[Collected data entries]

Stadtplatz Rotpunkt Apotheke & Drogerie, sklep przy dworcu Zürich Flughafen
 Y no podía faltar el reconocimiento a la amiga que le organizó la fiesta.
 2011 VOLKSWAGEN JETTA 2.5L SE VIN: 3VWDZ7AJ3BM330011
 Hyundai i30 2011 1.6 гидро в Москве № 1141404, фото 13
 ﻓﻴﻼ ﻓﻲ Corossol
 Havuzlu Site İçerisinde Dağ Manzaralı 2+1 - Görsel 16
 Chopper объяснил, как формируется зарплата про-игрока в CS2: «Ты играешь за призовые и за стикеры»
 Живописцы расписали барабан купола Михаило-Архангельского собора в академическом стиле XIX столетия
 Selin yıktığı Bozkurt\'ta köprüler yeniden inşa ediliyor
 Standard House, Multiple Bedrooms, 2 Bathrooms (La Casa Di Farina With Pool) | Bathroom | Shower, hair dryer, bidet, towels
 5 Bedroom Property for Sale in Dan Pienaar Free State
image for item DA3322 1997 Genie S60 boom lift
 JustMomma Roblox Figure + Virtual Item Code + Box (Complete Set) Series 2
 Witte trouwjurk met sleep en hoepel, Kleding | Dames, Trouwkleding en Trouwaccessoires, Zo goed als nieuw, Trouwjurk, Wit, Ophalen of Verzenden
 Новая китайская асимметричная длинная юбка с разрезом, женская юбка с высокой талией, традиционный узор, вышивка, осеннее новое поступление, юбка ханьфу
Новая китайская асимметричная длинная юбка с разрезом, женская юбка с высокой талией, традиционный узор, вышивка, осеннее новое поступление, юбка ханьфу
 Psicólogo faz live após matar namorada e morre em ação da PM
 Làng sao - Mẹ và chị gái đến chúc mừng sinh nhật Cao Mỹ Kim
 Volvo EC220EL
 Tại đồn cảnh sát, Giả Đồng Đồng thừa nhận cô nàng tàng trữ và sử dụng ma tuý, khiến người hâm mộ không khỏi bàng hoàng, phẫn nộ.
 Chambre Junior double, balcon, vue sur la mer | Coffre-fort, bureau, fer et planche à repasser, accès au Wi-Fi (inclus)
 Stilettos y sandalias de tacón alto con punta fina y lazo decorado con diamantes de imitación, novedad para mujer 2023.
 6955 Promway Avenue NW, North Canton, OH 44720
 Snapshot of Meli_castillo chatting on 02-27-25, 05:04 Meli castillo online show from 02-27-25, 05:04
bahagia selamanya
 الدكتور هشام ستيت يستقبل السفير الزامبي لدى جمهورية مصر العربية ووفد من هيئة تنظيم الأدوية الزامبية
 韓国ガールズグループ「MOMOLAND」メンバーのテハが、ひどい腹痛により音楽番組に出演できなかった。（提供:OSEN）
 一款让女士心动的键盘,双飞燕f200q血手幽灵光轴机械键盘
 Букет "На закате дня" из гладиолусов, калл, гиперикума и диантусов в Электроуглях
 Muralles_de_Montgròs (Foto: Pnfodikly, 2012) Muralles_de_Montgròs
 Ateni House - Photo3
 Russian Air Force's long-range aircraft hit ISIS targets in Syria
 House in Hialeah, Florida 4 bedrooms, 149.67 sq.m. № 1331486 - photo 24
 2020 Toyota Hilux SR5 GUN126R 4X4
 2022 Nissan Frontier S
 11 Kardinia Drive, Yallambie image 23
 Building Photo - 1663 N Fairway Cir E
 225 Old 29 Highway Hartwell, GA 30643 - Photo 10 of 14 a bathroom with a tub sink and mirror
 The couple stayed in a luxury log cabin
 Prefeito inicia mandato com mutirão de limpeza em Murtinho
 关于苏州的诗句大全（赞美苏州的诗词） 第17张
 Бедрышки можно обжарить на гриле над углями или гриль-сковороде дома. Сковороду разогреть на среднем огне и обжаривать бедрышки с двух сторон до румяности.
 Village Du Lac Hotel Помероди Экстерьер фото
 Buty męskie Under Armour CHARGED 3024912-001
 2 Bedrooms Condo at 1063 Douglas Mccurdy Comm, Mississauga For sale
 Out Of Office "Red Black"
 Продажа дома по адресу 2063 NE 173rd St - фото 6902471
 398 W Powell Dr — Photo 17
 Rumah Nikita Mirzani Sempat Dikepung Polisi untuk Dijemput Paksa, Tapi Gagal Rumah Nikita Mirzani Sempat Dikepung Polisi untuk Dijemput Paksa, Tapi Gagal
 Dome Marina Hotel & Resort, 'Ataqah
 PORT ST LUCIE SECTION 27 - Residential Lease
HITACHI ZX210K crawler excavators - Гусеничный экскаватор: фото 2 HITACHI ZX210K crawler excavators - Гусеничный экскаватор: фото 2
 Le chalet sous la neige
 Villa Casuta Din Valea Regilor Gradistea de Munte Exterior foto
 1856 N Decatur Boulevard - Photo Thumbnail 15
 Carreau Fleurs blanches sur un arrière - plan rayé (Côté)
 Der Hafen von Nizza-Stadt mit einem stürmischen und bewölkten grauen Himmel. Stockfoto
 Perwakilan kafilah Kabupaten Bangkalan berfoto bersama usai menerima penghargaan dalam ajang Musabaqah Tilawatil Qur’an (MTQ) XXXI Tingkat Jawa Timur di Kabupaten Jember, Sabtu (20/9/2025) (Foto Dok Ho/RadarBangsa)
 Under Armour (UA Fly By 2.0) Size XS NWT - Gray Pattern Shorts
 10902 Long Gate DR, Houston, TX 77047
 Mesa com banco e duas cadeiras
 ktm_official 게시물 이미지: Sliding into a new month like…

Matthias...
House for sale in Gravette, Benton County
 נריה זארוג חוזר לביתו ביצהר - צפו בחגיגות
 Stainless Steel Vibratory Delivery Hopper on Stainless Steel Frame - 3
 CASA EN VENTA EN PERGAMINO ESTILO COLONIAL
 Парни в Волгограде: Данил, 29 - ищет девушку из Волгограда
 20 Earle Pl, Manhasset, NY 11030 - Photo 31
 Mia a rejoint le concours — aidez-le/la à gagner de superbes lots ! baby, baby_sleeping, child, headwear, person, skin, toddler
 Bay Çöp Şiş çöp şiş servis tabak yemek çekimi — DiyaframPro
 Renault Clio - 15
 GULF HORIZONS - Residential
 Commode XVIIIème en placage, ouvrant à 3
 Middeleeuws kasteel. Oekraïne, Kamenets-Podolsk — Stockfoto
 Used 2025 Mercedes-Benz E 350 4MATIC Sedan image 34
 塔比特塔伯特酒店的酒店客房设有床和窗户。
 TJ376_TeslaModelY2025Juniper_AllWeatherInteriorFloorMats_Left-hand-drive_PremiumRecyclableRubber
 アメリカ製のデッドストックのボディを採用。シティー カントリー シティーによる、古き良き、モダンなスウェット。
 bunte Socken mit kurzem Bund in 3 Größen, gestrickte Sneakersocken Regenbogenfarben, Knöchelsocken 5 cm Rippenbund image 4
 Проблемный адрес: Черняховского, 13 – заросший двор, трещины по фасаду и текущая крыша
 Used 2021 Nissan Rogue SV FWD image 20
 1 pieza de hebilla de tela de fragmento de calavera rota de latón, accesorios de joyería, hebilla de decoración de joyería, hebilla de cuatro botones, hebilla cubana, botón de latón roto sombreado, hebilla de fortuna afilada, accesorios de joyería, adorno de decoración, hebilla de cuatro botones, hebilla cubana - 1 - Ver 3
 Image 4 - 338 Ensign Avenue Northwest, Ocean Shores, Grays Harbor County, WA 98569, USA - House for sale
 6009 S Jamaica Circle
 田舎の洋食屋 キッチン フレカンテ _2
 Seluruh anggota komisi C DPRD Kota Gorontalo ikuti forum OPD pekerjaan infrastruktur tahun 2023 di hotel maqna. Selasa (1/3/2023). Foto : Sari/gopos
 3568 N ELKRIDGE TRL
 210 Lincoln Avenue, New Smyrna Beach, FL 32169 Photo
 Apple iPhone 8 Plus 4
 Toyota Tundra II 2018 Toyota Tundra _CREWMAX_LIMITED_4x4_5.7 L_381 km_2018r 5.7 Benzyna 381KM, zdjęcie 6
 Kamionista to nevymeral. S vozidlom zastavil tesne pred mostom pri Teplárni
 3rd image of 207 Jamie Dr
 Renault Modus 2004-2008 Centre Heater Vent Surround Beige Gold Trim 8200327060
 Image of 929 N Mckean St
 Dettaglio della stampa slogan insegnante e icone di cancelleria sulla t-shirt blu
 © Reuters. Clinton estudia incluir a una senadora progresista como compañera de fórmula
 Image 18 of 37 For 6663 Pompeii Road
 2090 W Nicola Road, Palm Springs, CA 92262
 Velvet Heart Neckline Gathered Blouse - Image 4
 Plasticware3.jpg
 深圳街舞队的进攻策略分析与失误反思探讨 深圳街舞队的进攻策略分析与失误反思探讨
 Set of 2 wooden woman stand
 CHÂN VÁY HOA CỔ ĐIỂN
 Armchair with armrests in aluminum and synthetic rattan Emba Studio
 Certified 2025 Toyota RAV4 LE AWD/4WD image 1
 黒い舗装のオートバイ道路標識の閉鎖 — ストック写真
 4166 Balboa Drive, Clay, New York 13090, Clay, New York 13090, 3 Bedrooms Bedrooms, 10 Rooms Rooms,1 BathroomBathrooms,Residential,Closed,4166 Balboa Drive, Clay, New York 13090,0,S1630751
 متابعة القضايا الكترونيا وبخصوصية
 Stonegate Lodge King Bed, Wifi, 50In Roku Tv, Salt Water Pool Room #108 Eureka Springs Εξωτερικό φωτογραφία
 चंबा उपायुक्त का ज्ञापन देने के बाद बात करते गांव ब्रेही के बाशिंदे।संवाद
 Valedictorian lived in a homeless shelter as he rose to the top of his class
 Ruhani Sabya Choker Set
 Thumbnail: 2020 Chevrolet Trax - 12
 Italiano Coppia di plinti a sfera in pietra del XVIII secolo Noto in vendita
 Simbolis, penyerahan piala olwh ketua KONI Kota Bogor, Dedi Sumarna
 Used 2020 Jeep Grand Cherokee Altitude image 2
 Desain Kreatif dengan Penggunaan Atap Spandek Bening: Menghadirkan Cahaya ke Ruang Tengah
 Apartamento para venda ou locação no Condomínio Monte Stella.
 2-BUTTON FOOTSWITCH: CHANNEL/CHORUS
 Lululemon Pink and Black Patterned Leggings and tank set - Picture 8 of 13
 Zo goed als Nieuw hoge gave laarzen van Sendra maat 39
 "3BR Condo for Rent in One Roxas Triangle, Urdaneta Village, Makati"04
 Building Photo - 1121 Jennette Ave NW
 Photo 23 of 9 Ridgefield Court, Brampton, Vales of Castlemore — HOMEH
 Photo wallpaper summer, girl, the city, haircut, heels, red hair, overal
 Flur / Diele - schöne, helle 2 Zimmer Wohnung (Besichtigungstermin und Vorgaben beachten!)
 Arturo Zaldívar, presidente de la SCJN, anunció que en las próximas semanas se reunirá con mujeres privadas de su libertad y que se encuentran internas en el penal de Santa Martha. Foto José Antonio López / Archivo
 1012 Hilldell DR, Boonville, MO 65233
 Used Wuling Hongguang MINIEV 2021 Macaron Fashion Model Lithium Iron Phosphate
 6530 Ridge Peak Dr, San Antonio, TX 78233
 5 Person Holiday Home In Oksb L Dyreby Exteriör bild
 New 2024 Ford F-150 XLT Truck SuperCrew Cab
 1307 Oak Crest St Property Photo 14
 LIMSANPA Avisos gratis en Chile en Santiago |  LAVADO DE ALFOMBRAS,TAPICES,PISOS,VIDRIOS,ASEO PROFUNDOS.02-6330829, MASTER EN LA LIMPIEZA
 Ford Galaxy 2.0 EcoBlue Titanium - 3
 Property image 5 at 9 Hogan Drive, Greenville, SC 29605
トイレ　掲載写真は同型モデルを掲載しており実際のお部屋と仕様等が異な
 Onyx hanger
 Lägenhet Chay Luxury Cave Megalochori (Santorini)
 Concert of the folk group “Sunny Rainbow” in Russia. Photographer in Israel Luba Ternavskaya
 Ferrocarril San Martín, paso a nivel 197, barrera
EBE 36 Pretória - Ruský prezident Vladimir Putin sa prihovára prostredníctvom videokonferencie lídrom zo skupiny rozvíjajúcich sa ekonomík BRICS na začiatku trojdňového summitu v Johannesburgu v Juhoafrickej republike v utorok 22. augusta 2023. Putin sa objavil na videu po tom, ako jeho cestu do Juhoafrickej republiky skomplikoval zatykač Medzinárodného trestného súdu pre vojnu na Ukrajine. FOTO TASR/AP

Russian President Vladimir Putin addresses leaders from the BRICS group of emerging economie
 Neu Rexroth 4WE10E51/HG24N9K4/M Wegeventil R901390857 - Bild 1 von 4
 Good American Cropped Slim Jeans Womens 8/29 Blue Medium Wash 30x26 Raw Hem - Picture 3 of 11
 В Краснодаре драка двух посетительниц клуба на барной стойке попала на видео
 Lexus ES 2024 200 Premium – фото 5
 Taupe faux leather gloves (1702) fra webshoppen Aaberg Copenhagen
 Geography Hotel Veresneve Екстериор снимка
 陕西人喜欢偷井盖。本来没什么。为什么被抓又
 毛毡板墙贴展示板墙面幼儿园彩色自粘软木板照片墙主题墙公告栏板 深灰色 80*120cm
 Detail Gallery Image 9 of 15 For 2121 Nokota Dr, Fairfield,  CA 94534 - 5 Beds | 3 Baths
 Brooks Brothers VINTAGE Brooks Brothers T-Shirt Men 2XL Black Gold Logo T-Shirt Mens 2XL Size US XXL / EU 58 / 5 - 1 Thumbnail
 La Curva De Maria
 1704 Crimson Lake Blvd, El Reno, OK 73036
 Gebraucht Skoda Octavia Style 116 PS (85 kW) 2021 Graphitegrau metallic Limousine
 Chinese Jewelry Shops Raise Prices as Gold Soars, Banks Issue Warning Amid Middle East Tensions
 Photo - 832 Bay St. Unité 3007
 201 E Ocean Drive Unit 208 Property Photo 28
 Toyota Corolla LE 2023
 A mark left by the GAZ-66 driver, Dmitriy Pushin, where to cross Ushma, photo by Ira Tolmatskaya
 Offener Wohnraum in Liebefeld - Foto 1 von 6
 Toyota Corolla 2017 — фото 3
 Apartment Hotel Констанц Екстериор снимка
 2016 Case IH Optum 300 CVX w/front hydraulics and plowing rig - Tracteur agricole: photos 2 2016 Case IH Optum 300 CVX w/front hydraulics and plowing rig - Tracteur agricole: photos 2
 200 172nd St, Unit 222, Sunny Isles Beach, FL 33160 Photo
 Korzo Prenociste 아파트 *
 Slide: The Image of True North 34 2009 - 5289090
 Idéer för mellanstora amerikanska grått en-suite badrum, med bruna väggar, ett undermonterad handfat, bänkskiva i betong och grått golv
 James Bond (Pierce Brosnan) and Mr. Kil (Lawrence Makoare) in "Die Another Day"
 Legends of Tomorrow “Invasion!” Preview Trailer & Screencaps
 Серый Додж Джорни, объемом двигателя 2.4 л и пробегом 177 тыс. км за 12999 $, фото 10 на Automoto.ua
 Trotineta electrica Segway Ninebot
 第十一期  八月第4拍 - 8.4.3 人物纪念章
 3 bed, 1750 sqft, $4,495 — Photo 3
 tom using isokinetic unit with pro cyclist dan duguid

> Problem to solve
Copy whichever lines of the records above contain the word "женская".

> Answer
 Новая китайская асимметричная длинная юбка с разрезом, женская юбка с высокой талией, традиционный узор, вышивка, осеннее новое поступление, юбка ханьфу
Новая китайская асимметричная длинная юбка с разрезом, женская юбка с высокой талией, традиционный узор, вышивка, осеннее новое поступление, юбка ханьфу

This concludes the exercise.